ASSIGNMENT:
From the data underneath, reproduce exactly the stretch that begins at the line with "群馬大学のオンライン講座" and ends after the line with "siberian tiger on".

MATERIAL SHOWN:
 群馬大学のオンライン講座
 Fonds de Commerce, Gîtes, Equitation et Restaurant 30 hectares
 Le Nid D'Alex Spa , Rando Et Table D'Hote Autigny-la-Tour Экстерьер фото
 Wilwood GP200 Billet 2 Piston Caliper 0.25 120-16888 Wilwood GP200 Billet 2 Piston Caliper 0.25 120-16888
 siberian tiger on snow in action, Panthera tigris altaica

* * *

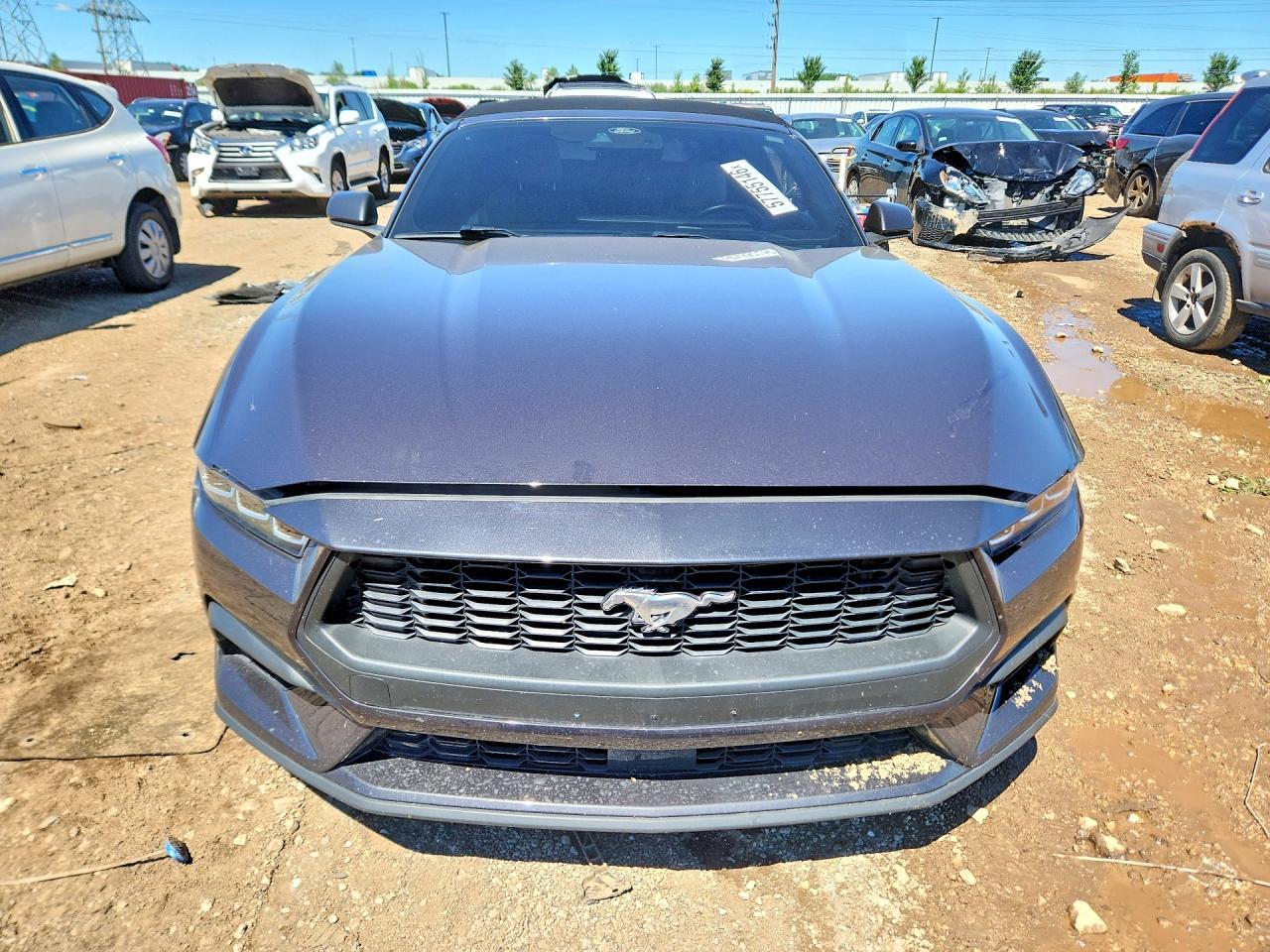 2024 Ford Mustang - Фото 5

TASK SOLUTION:
 群馬大学のオンライン講座
 Fonds de Commerce, Gîtes, Equitation et Restaurant 30 hectares
 Le Nid D'Alex Spa , Rando Et Table D'Hote Autigny-la-Tour Экстерьер фото
 Wilwood GP200 Billet 2 Piston Caliper 0.25 120-16888 Wilwood GP200 Billet 2 Piston Caliper 0.25 120-16888
 siberian tiger on snow in action, Panthera tigris altaica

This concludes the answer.